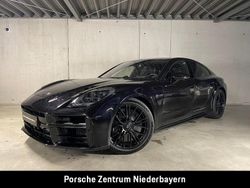 Tiefschwarzmetallic Gebraucht 2025 Porsche Panamera Turbo S Limousine | 230.900 €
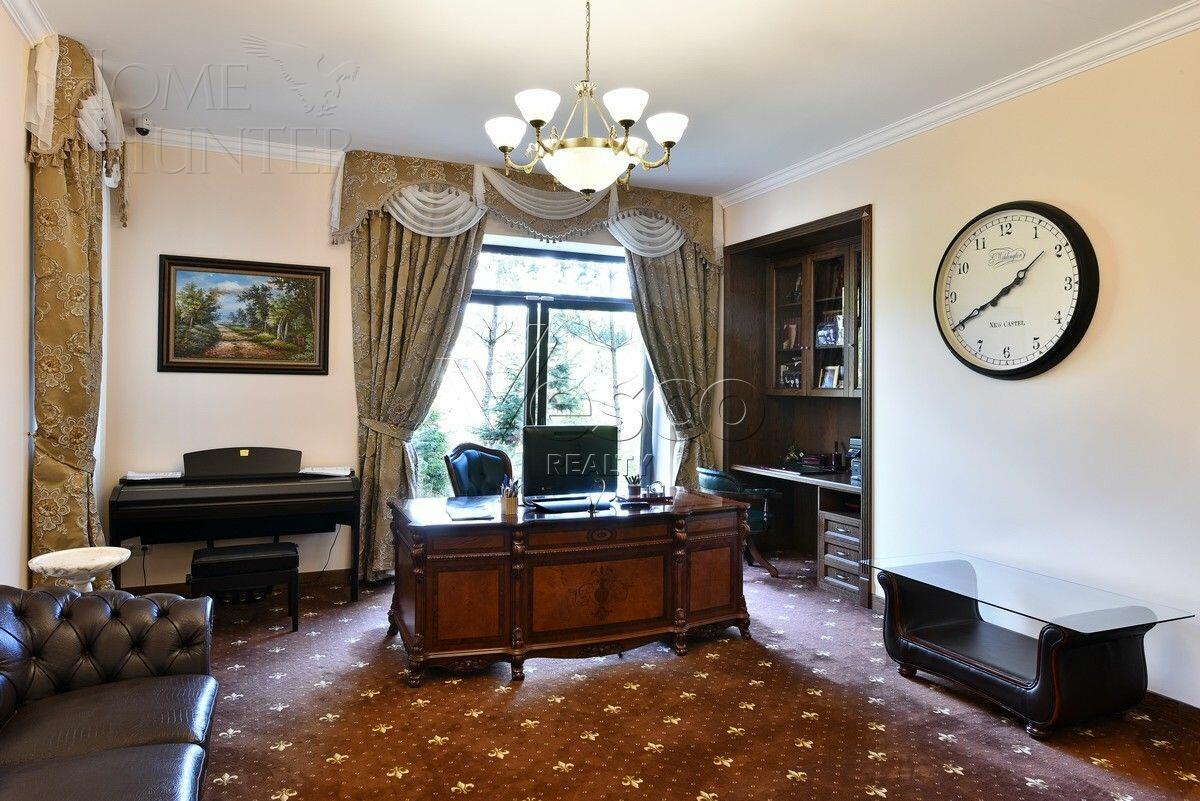 3-этажный коттедж 1 500 м² с отделкой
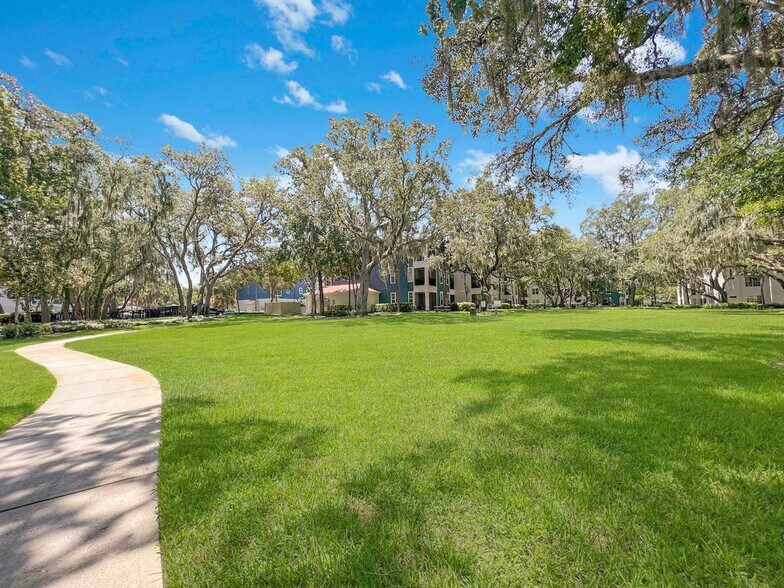 Building Photo - 25150 Lovegrass Dr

----

▶ _What is being asked_:
Only the lines from the one with "3-этажный коттедж 1 500 м² с отделкой" through the end of the listing above should be output, exactly as written and with no pictures.

▶ _Written solution_:
 3-этажный коттедж 1 500 м² с отделкой
 Building Photo - 25150 Lovegrass Dr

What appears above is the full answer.